Each request was specific, often one-off, and almost always urgent. These marketers had ideas, good ideas, but no way to execute them.
Here's what we learned: marketers are full of ideas, but they’re bottlenecked by execution.
They have creative instincts, and carry a backlog of ideas they’d love to build. But they rarely get the opportunity to.
When it comes to implementation, they hit a wall. If they have a dev team, that team’s buried in roadmaps, sprints, and priorities that rarely include “try something new for marketing.”If they turn to no-code tools: those tools sound simple, but still require a level of technical comfort most marketers don’t want to be bogged down with. They just want an easy way to turn their ideas into reality, and a way to see if it’s working, to learn from it, and extract insights they can build on.

We realized the “one-offs” weren't the problem. They were the product.
But we weren't going to build a custom AI widget for every request. Instead, we needed to build the way LEGO builds — not by making every possible castle, but by making the bricks people need to build any castle they can imagine.
That's Anagram Studio: composable Skills that snap together. The landscaping company's lighting visualizer? That's Generate Image + Qualify Lead + Send to Google Sheet. The backpack recommender? That’s Search Catalog + Recommend Products.

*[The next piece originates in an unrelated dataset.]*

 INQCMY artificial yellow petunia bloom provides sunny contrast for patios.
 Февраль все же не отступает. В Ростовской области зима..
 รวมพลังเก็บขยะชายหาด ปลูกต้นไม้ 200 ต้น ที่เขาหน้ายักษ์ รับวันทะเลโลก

Each Skill does one thing well. But combined, they handle whatever idea you walked in with this morning.
The interface? As simple as Canva. Enable the Skills you need, tell the AI what you're trying to do in plain English, preview it, publish it. No code. No debugging. No ticket to engineering.
Sarah's got an idea Tuesday morning: a lead qualifier that talks to prospects, figures out what they actually need, and routes them to the right place.

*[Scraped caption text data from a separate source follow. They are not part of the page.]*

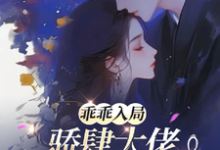 《乖乖入局，驕肆大佬無處不低頭》小說免費閱讀完整版-極品小說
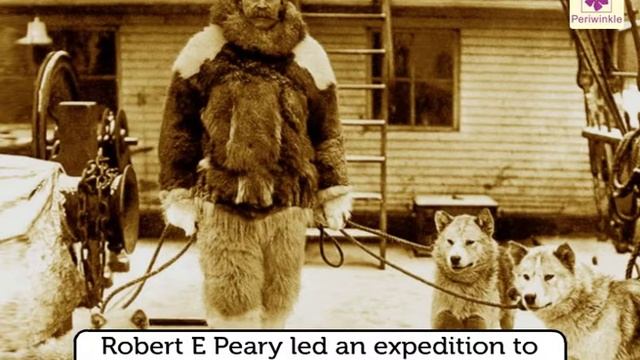 Animals Used for Transport | Environmental Studies Grade 4 | Periwinkle смотреть онлайн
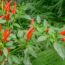 Grow a Bonchi Pepper Tree This Fall – Give Your Peppers a Second Life as a Unique Indoor Bonsai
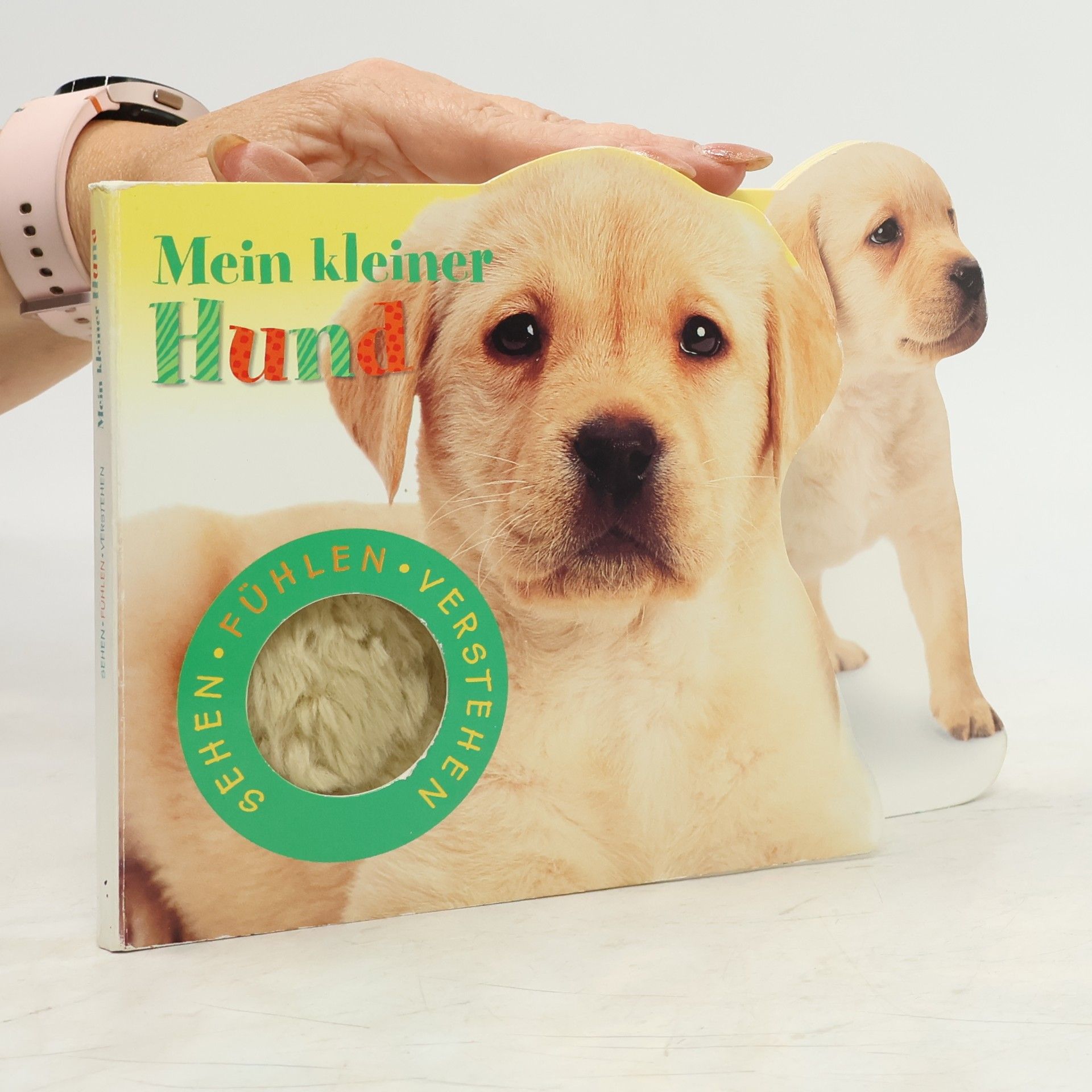 Autorenkollektiv Mein kleiner Hund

By Tuesday afternoon, she's built it in Studio: enabled the skills, told the AI how to handle the conversation, sent a preview to her team for review. She drops it on the pricing page and publishes before dinner. No engineering ticket. No waiting.

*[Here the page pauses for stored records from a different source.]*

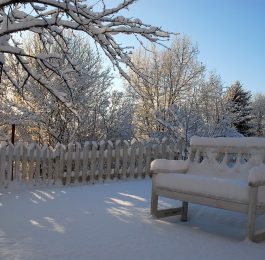 January Gardening To do List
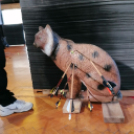 Belehúztak a Koppányok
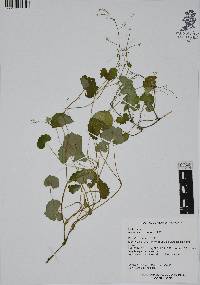 Micropleura renifolia image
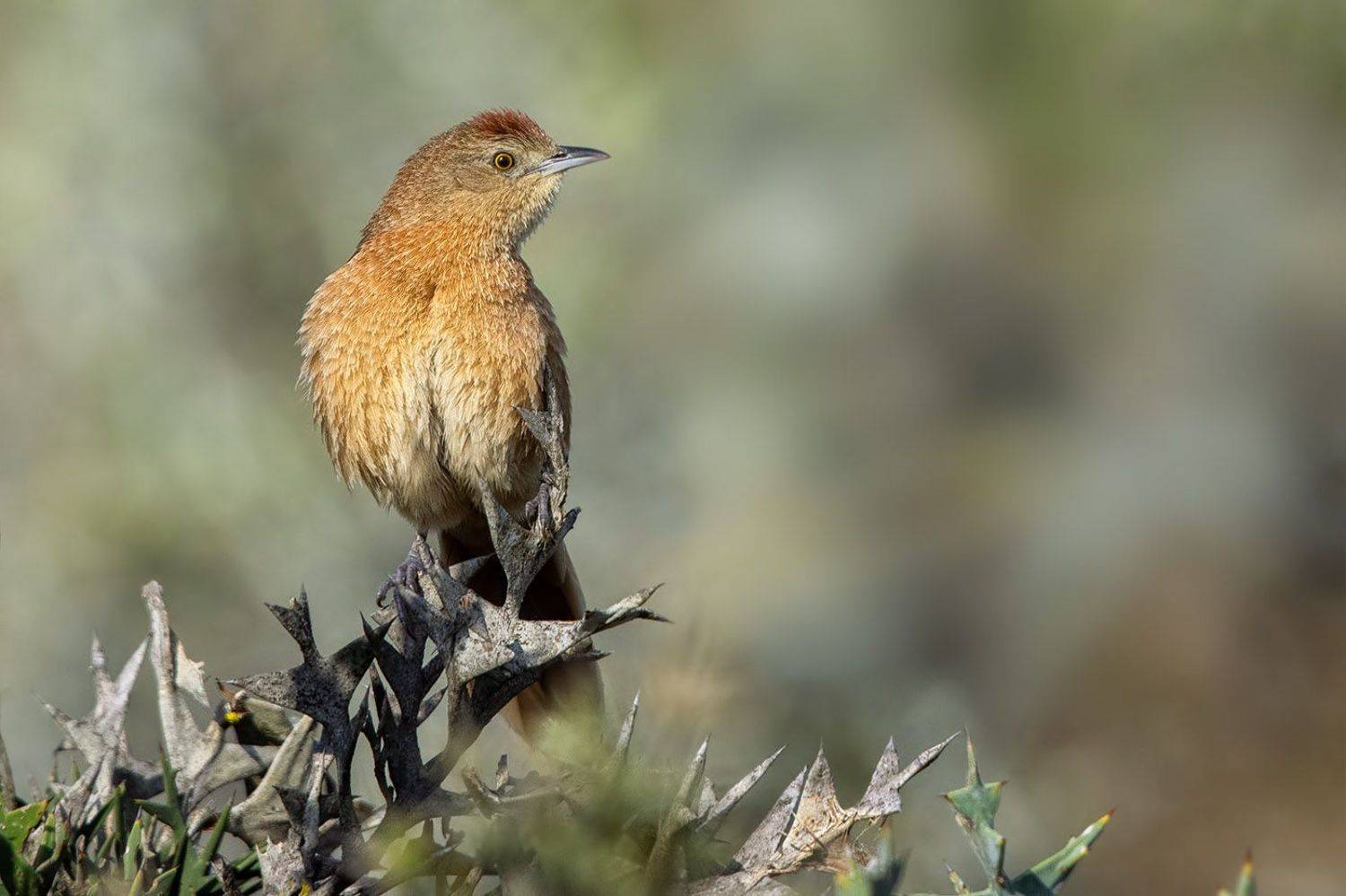 птицы, уругвай, Елена Давыдова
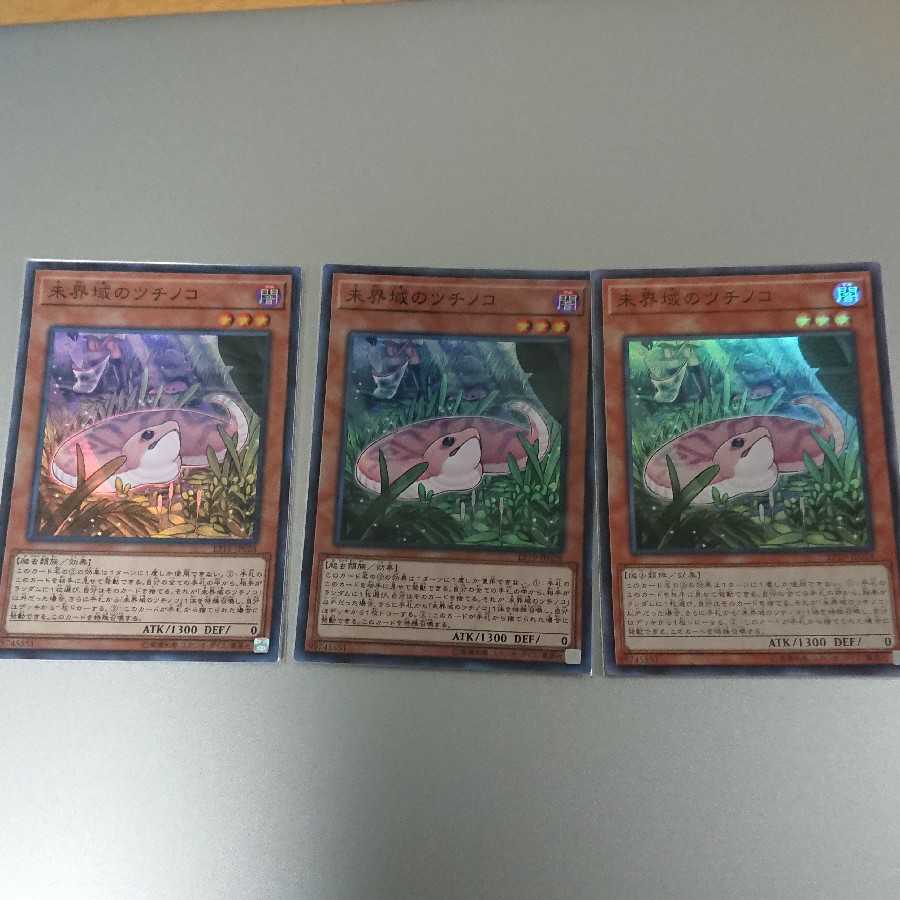 未界域のツチノコ3枚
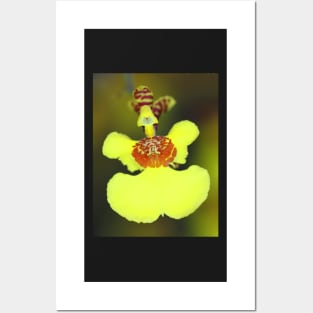 Yellow Orchid Macro Posters and Art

Within 24 hours, she checks the numbers. Forty conversations. Twelve qualified leads ready to follow up. Everyone else got pointed to the getting-started docs to self-serve.
Next Tuesday, Anagram surfaces something she didn't expect: prospects who mention they've tried a solution before and it failed are closing at roughly 3× the rate, even when they seem less qualified on paper. The signal's based on 18 closed deals from last week, tracked from conversation to close. They're more motivated, more bought-in, and they convert faster.
She just discovered what actually qualifies a lead for her business. Not from a spreadsheet or a hunch, but from real conversations.
That's what changes with Studio. You don't just ship ideas. You learn from them.

One-offs used to feel like distractions. Now they're our lifeblood.
At first, every request that fell outside Product Expert's scope felt like a detour. Recipe generators, lighting visualizers, backpack recommenders… they wanted us to build all these other things.
But each "Can you build X?" was really saying the same thing: "I have an idea I want to try, and I can't."
We realized the one-offs weren't the problem. The execution gap was. Studio fixes that. Now when a marketer has an idea, they can just launch it.
You stop waiting for dev cycles. You stop explaining the idea in Slack threads, hoping someone has time to build it. You stop watching competitors ship the thing you thought of three months ago.
You walk into meetings with live experiences, not mockups. With real metrics, not projections. With insights extracted from actual customer conversations, not assumptions.
You stop pitching ideas. You start launching them.
That idea you've been sitting on? Launch it this afternoon.